The size was determined from images acquired with the Long Range Reconnaissance Imager (LORRI) aboard New Horizons spacecraft.
The result confirms what was already suspected: Pluto is larger than all other known solar system objects beyond the orbit of Neptune.
"The size of Pluto has been debated since its discovery in 1930. We are excited to finally lay this question to rest," said mission scientist Bill McKinnon, Washington University, St Louis.
Pluto's newly estimated size means that its density is slightly lower than previously thought, and the fraction of ice in its interior is slightly higher.
Also, the lowest layer of Pluto's atmosphere, called the troposphere, is shallower than previously believed.
Measuring Pluto's size has been a decades-long challenge due to complicating factors from its atmosphere. Its largest moon Charon lacks a substantial atmosphere, and its diameter was easier to determine using ground-based telescopes.
LORRI has also zoomed in on two of Pluto's smaller moons, Nix and Hydra.

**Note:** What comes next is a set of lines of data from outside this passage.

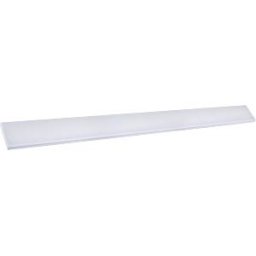 MÜLLER LICHT MLI 20500090 - Planus 120 ceiling light fixture, 48 W, 5400 lm, 4000 K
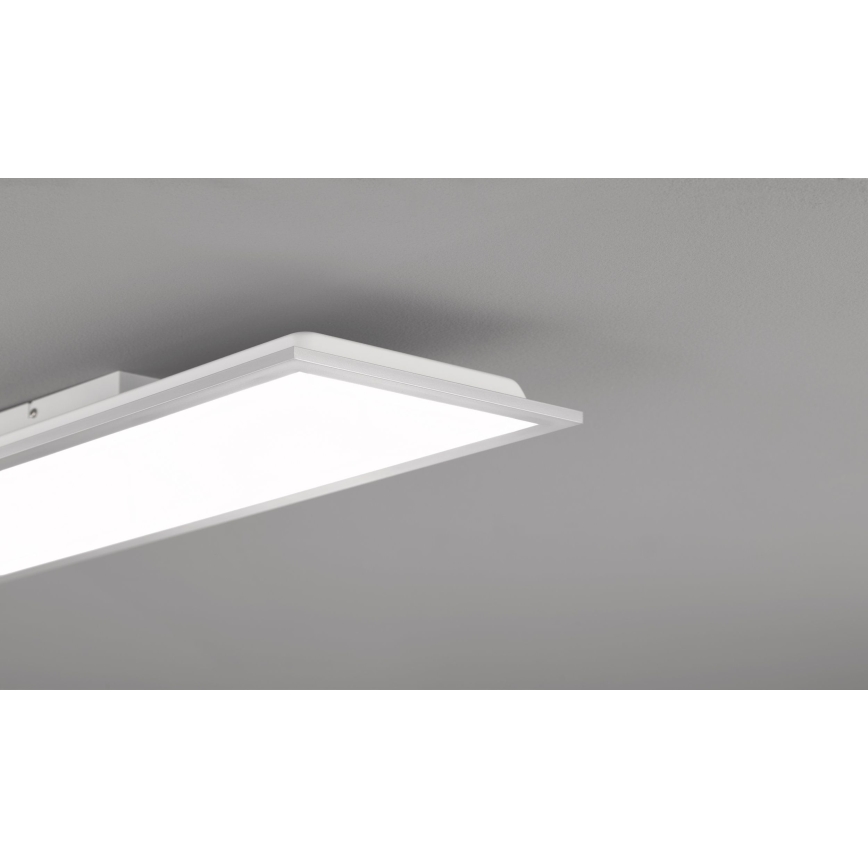 Eglo - LED Reguliuojamas skydelis LED/25W/230V 2700-5000K + valdymo pultas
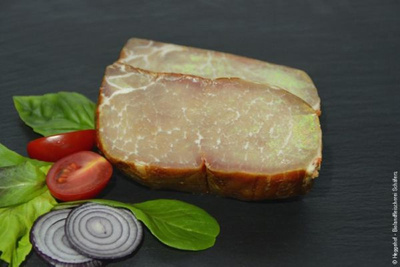 Produktfoto zu Kasseler mager 2er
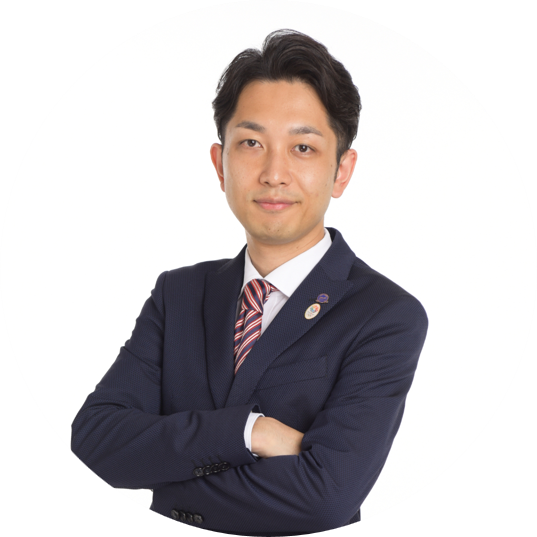 JDAC代表理事 久岡和也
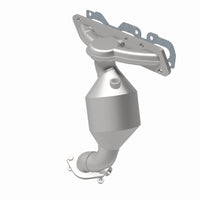 Thumbnail for MagnaFlow Conv DF 06-08 Mazda 6 3.0L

"We knew from the time we designed our flyby that we would only be able to study the small moons in detail for just a few days before closest approach," said New Horizons Principal Investigator Alan Stern of the Southwest Research Institute, Boulder, Colorado.
"Now, deep inside Pluto's sphere of influence, that time has come," Stern said.
Nix and Hydra were discovered using the Hubble Space Telescope in 2005. Even to Hubble, they appeared as points of light, and that's how they looked to New Horizons until the final week of its approach to Pluto.
Now, the latest LORRI images show the two diminutive satellites not as pinpoints, but as moons seen well enough to measure their sizes.
Nix is estimated to be about 35 kilometres across, while Hydra is roughly 45 kilometres across. These sizes lead mission scientists to conclude that their surfaces are quite bright, possibly due to the presence of ice.
However, Pluto's two smallest moons, Kerberos and Styx are smaller and fainter than Nix and Hydra, so they are harder to measure.
Mission scientists should be able to determine their sizes with observations New Horizons will make during the flyby today and will transmit to Earth at a later date.
After nine years and three billion miles travelled, the New Horizons probe will pass within just 12,500 kilometres of Pluto's surface.